**Work task:**
For the entries below, print exactly the lines between the line holding "Rocha Moreira vs" and the line holding "Последовательный способ. Индексно-последовательные", inclusive, and nothing else.
(Beginning of Provided information)
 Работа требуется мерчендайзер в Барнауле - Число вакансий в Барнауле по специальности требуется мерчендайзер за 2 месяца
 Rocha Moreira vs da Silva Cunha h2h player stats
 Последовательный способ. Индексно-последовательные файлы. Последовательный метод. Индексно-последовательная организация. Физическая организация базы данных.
(End of Provided information)
(Beginning of Provided information)
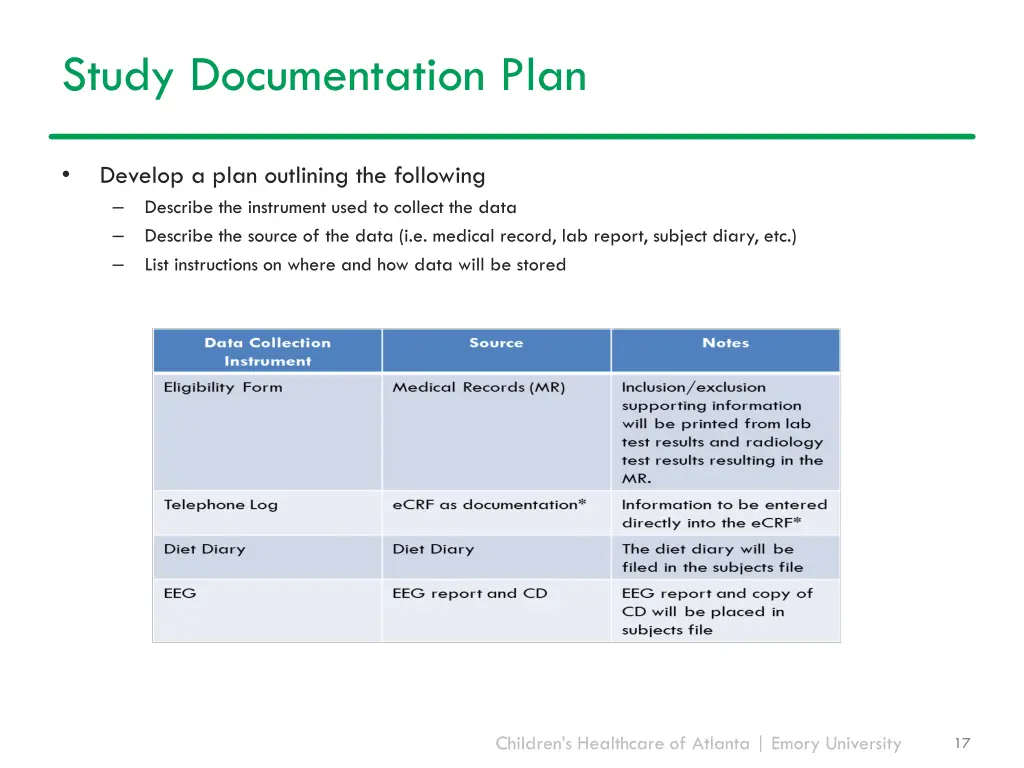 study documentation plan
(End of Provided information)
**Written answer:**
 Rocha Moreira vs da Silva Cunha h2h player stats
 Последовательный способ. Индексно-последовательные файлы. Последовательный метод. Индексно-последовательная организация. Физическая организация базы данных.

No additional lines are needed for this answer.